Both parties argue that this case is governed by our decision in Moreno, and indeed the Court of Appeals below held as much. See Kampmeyer, 2020 WL 5110303, at *4 ("Notwithstanding Hunter, we are bound by the binding precedent of the Tennessee Supreme Court in the subsequent case of Moreno . . . ."). We respectfully disagree. Certainly, Moreno discusses in general terms the statutes governing the Claims Commission and the Division of Claims and Risk Management, as noted above. However, the issue decided in Moreno was whether a written notice of claim filed in the Division of Claims and Risk Management within the statute of limitations is "an original complaint" within the meaning of our comparative fault statute, Tennessee Code Annotated § 20-1-119. Moreno, 479 S.W.3d at 804; see also Nationwide Mut. Fire Ins. Co. v. Memphis Light, Gas & Water, 578 S.W.3d 26, 38 (Tenn. Ct. App. 2018) ("[T]he Moreno court merely provided guidance on what constitutes an 'original complaint' for purposes of [section 20-1-119]."). This issue differs significantly from the one presented in this appeal. For that reason, we disagree that Moreno controls this case.
Thus, Moreno presented essentially the converse of the issue in this appeal. Moreno asked whether the written notice filed with the Division could serve as a complaint with the Commission, and the Kampmeyers argue that a complaint filed with the Commission can serve as a written notice to the Division.
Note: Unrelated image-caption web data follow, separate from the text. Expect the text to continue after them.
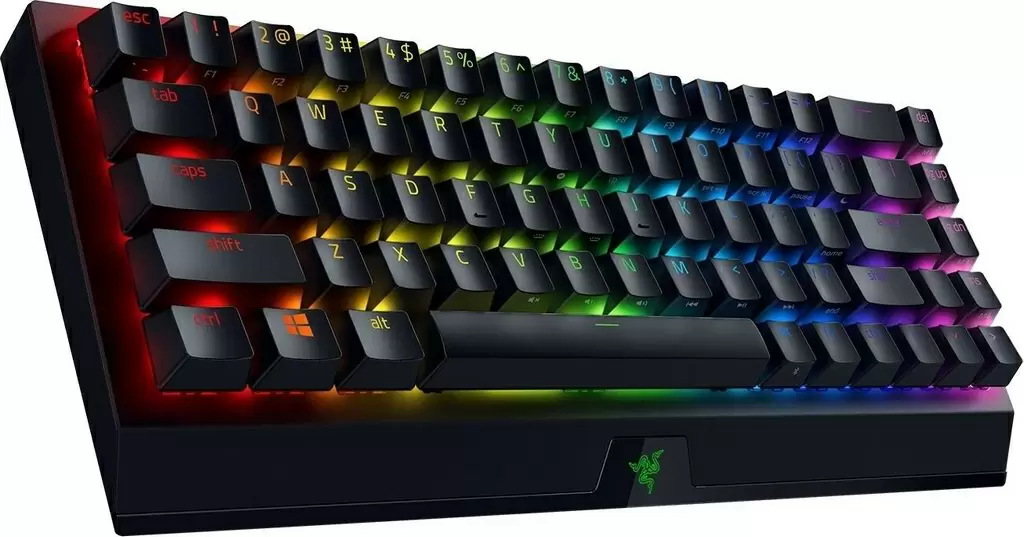 Set Razer BlackWidow V3 Mini, negru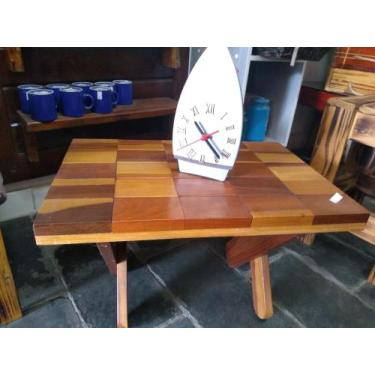 Imagem de Mesa ipê amarelo - Amadeirarte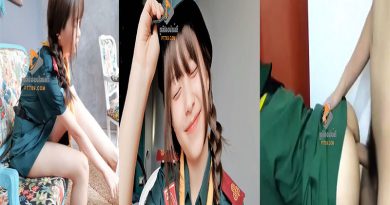 คลิปโป้นักเรียนไทยขี้เงี่ยนเย็ดกับแฟนคาชุดเนตนารี เย็ดสดแตกในคาชุด
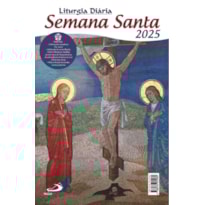 LITURGIA DIÁRIA - SEMANA SANTA 2026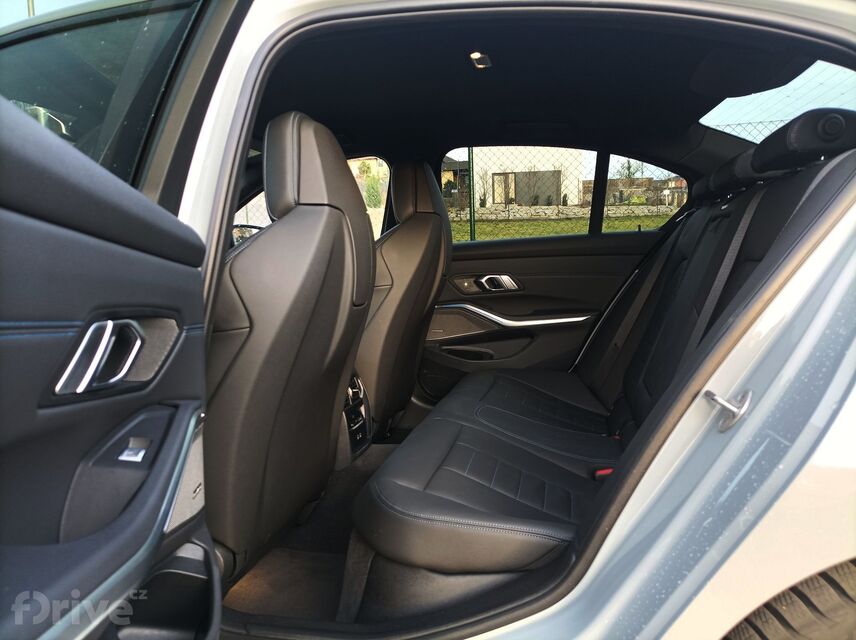 BMW M340d xDrive (2023)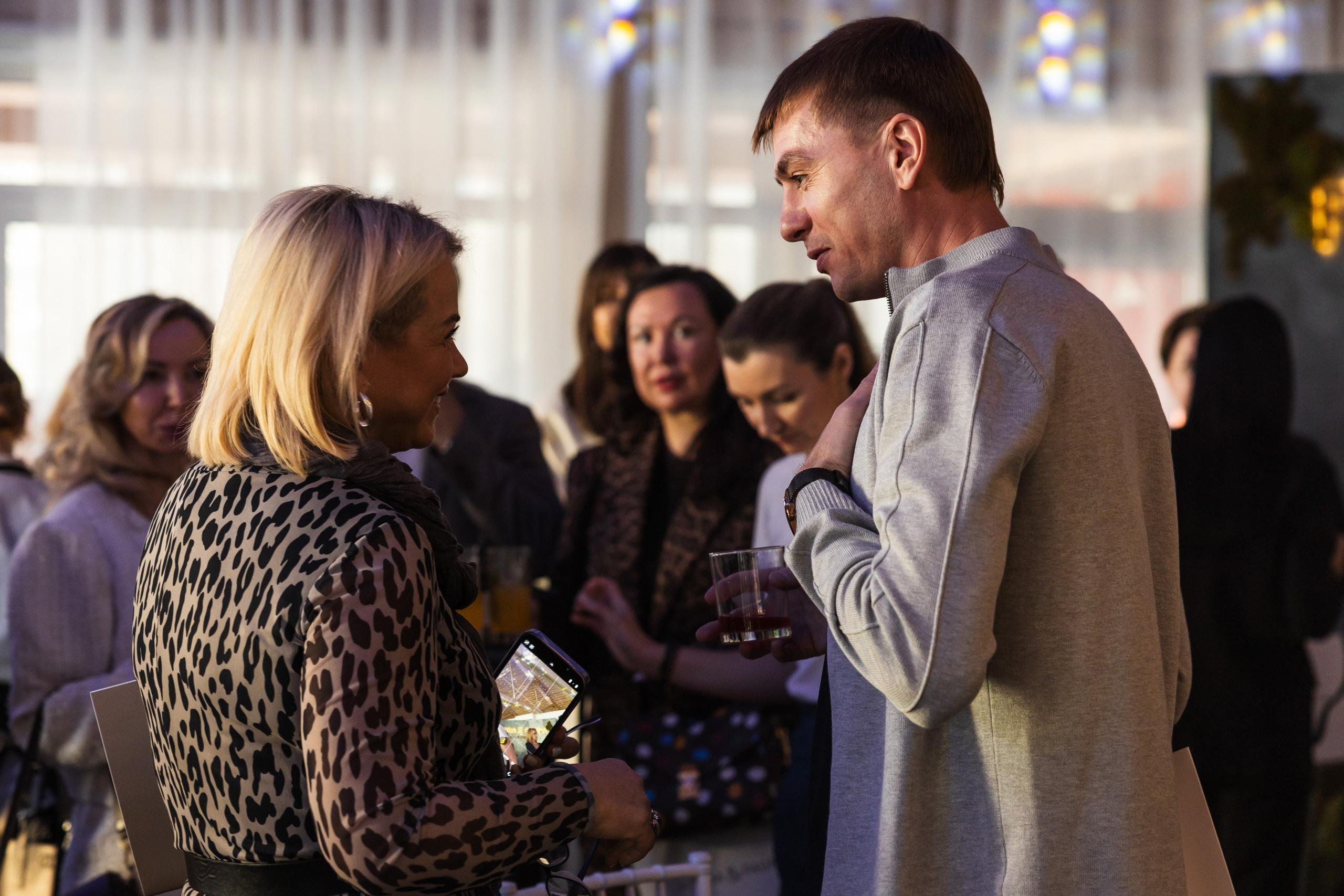 Репортаж. GoodLine Agency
Ultimately, our decision must rest on the text of Tennessee Code Annotated § 9-8-402(a)(1). It plainly requires claimants to give written notice of their claim "to the division of claims and risk management as a condition precedent to recovery." Tenn. Code Ann. § 9-8-402(a)(1). The statute does not provide claimants the option of giving written notice to the Claims Commission. "We presume the legislature intentionally omitted such an option." Ken Smith Auto Parts v. Thomas, 599 S.W.3d 555, 565 (Tenn. 2020). Reading the text of the statute naturally and reasonably, we must conclude that Mrs. Kampmeyer was required to give written notice of her consortium claim to the Division of Claims and Risk Management in order to recover in this case. She failed to do so. For that reason, we affirm.
Conclusion
We hold that Tennessee Code Annotated § 9-8-402(a)(1) requires claimants to give written notice of their claim to the Division of Claims and Risk Management as a condition precedent to recovery. In doing so, we overrule Hunter v. State, No. 01-A-01-9210-BC00425, 1993 WL 133240 (Tenn. Ct. App. Apr. 28, 1993). Because Mrs. Kampmeyer did not give written notice of her loss of consortium claim to the Division of Claims and Risk Management within the one-year statute of limitations, we affirm the Claims Commission's grant of the State's motion to dismiss Mrs. Kampmeyer's claim.
The judgment of the Court of Appeals is affirmed. Costs on appeal are taxed to appellants Steven and Melissa Kampmeyer, for which execution may issue if necessary.